On the Equivalence of Regression and Classification
Jayadeva, Naman Dwivedi, Hari Krishnan, N. M. Anoop Krishnan
TL;DR
This work establishes a formal regression-classification equivalence by showing that an $M$-sample regression task with all points on a hyperplane corresponds to a linearly separable classification task with $2M$ samples, where the regression can be recovered from the classifier. It reframes regression through an equivalent SVC problem and introduces a regressability measure that estimates regression difficulty without fitting a model. The authors further propose learning a linearizing map $\phi(x)$ via a neural network using the $J_4$ loss, so that $z = w^T \phi(x)$, enabling a two-step regression process that avoids extensive hyperparameter tuning. Experimental results on large, challenging datasets show that enforcing linearity in the learned representation improves predictive performance (higher $R^2$) relative to a strong neural baseline, highlighting both theoretical unification and practical benefits for regression tasks.
Abstract
A formal link between regression and classification has been tenuous. Even though the margin maximization term $\|w\|$ is used in support vector regression, it has at best been justified as a regularizer.
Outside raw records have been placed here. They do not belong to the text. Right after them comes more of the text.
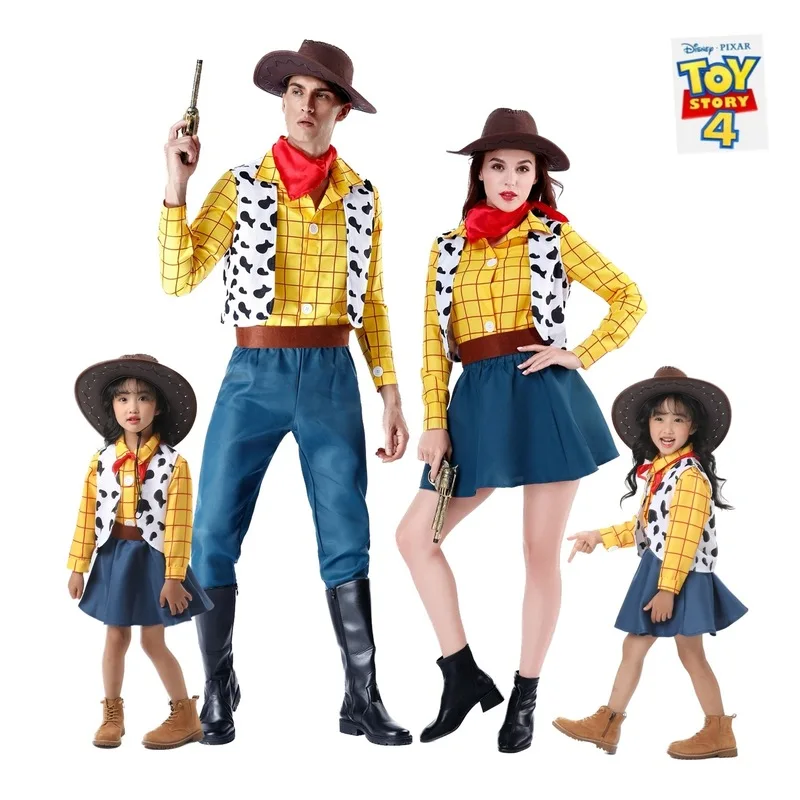 Disfraz de Sheriff Woody de Toy Story de Disney para adultos y niños, disfraz de Halloween, disfraz de vaquero del oeste para todas las edades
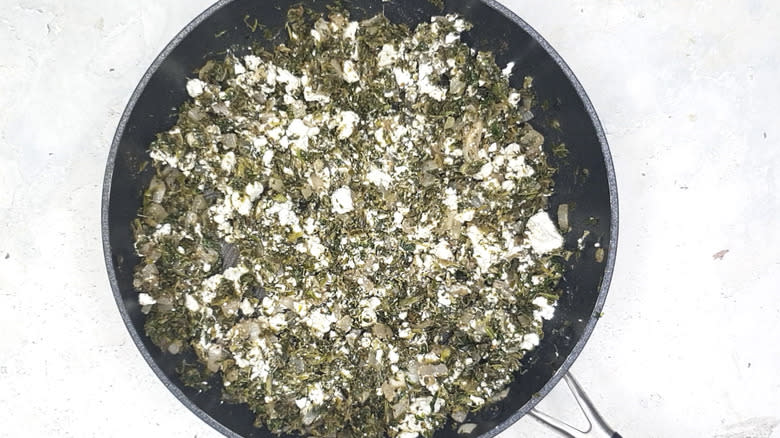 Spinach and feta in pan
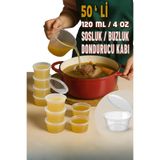 HB LİFE 50 Adet Sızdırmaz 120 ml Mini Saklama Kabı Sosluk Buzluk Kabı, Et Suyu, Kemik Suyu, Sos Kabı Mutfak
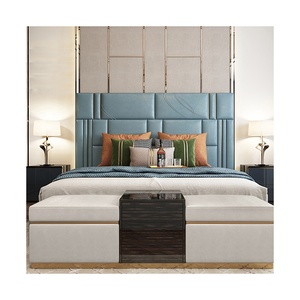<span class=keywords><strong>Ive</strong></span>-Star Deluxe Cama doble simple Muebles de dormitorio modernos con marco de madera tapizado Estilo suave - Product Image 1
We show that a regression problem with $M$ samples lying on a hyperplane has a one-to-one equivalence with a linearly separable classification task with $2M$ samples. We show that margin maximization on the equivalent classification task leads to a different regression formulation than traditionally used. Using the equivalence, we demonstrate a ``regressability'' measure, that can be used to estimate the difficulty of regressing a dataset, without needing to first learn a model for it. We use the equivalence to train neural networks to learn a linearizing map, that transforms input variables into a space where a linear regressor is adequate.